Run gotcloud align with the appropriate command-line parameters.

Example:

gotcloud align --conf config.txt --outdir output 

This step generates 1 Makefile per sample in the output/Makefiles/ directory and then automatically runs them. The Makefiles contain all of the information to run each sample.

If you only want to generate the makefiles and not run them, use the --dryrun option. It will generate the Makefiles and print instructions for running the Makefiles.

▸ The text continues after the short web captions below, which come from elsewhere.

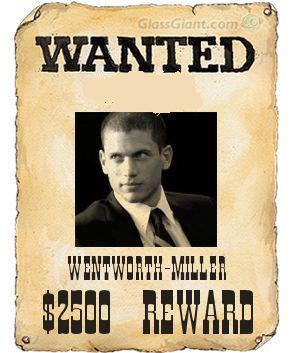 wentwort miller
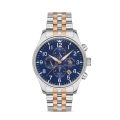 Santa Barbara Polo & Racquet Club Man Watch- SB.1.10396-1.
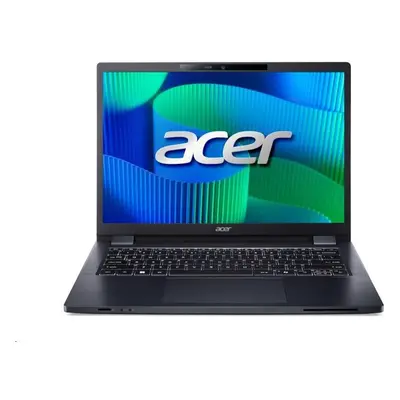 ACER NTB TravelMate P2 14 (TMP214-55-TCO-59XY), i5-1335U, 14" 1920x1200,8GB,256GB SSD,Intel UHD,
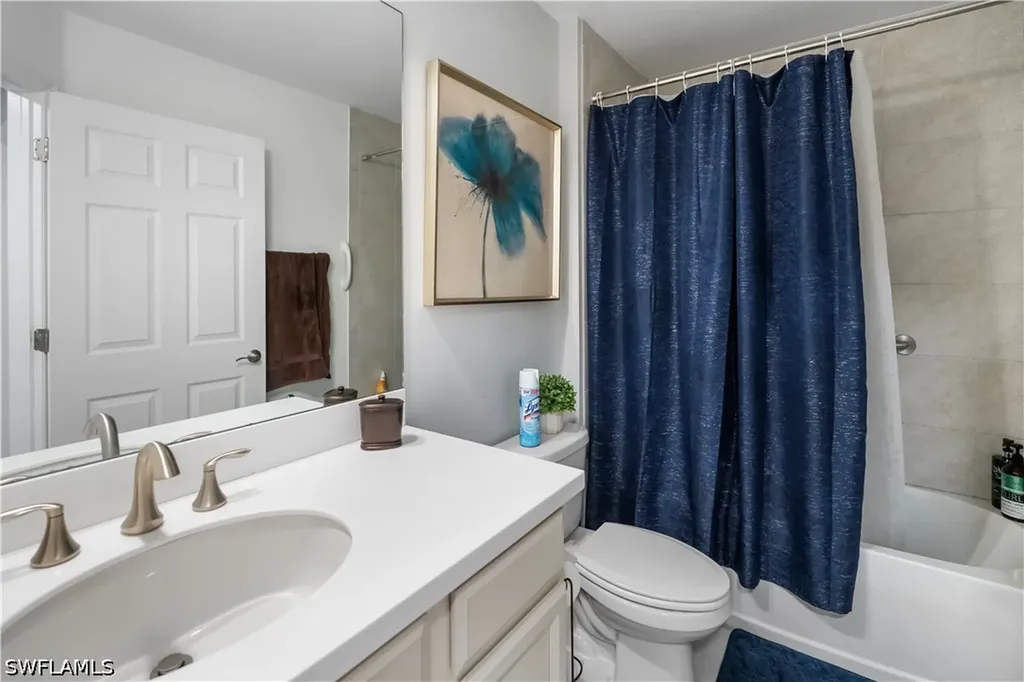 3719 Crofton Court Fort Myers FL 33916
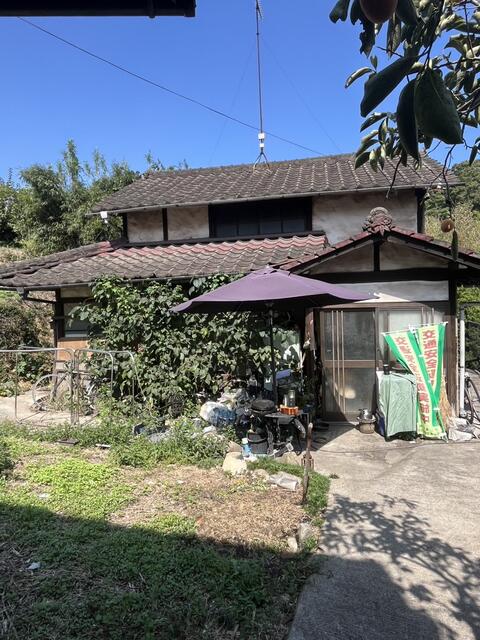 福山市 大門町８丁目 (大門駅) 2階建 3DKの画像5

Each Makefile is independent and can be run in parallel and across a cloud.

On success, you will see:

Processing finished in nn secs with no errors reported

If processing fails part way through, you can pick up where you left off by rerunning gotcloud or the make command.

Alignment Pipeline Output

Upon successful completion of the alignment pipeline, you should see the following files/ subdirectories under the user specified output directory:

  • bam.list - file containing sample->BAM mapping that can be used in other GotCloud pipelines
  • bams/ - contains the final BAM and bai (BAM index) files
    • *.recal.bam
    • *.recal.bam.bai
    • *.recal.bam.bai.done - temp file indicating this step completed successfully
    • *.recal.bam.done - temp file indicating this step completed successfully
    • *.recal.bam.metrics - dedup & recalibration log
    • *.recal.bam.qemp - recalibration tables
  • Makefiles/ - contains the Makefiles and logs used by GotCloud to run the alignment pipeline
  • QCFiles/ - contains quality control results if quality control is not disabled
    • VerifyBamID Output - see VerifyBamID: A guideline to interpret output files for more information
      • *.genoCheck.depthRG - depth distribution of the sequence reads per read group
      • *.genoCheck.depthSM - depth distribution of the sequence reads per sample
      • *.genoCheck.done - temp file indicating this step completed successfully
      • *.genoCheck.selfRG - per-readGroup statistics describing how well each lane matches to the annotated sample
      • *.genoCheck.selfSM - main output file containing the contamination estimate; per-sample statistics describing how well the sample matches to the annotated sample
        • Check the 'FREEMIX' column for genotype-free estimate of contamination 0-1 scale, the lower, the better
        • If [FREEMIX] >= 0.03 and [FREELK1]-[FREELK0] is large, possible contamination
    • Qplot Output - see: QPLOT: Diagnose sequencing quality for more info on how to use QPLOT results
      • *.qplot.done - temp file indicating this step completed successfully
      • *.qplot.R - Rscript that can be used to generate the pdf graphs
      • *.qplot.stats - sample statistics
  • tmp/ - contains intermediate files (most are deleted unless --keepTmp is specified)
  • *.OK - one OK file per sample; indicates the Sample successfully completed alignment

You should also see a .OK for each Sample in the index file.

If you do not see these .OK files, then your Alignment Pipeline failed.

On success, the bams/ directory contains the final BAMs and bais.